[Recorded data]
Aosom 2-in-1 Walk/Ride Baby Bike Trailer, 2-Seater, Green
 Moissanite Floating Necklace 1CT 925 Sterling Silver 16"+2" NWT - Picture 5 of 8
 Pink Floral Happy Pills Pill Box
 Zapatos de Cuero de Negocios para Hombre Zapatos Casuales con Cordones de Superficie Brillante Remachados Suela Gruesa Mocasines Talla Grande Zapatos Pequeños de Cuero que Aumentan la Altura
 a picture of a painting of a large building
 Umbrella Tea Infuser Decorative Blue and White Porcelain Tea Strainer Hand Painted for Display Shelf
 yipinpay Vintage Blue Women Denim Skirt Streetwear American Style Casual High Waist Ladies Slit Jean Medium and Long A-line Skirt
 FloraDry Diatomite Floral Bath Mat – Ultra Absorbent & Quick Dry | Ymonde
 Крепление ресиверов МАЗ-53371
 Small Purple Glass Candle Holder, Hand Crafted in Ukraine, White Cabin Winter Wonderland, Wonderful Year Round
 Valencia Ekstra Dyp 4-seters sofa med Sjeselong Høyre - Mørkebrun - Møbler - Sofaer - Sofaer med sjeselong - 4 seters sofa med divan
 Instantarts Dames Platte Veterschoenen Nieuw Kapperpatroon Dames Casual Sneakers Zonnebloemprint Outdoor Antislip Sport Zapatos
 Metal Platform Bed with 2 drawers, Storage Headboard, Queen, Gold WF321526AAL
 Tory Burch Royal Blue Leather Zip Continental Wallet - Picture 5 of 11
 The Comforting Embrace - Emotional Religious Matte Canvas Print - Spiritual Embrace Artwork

• _EXERCISE PROMPT_:
Go through the lines above. Select every one that has the string "Floral".

• _RESPONSE BELOW_:
 Pink Floral Happy Pills Pill Box
 FloraDry Diatomite Floral Bath Mat – Ultra Absorbent & Quick Dry | Ymonde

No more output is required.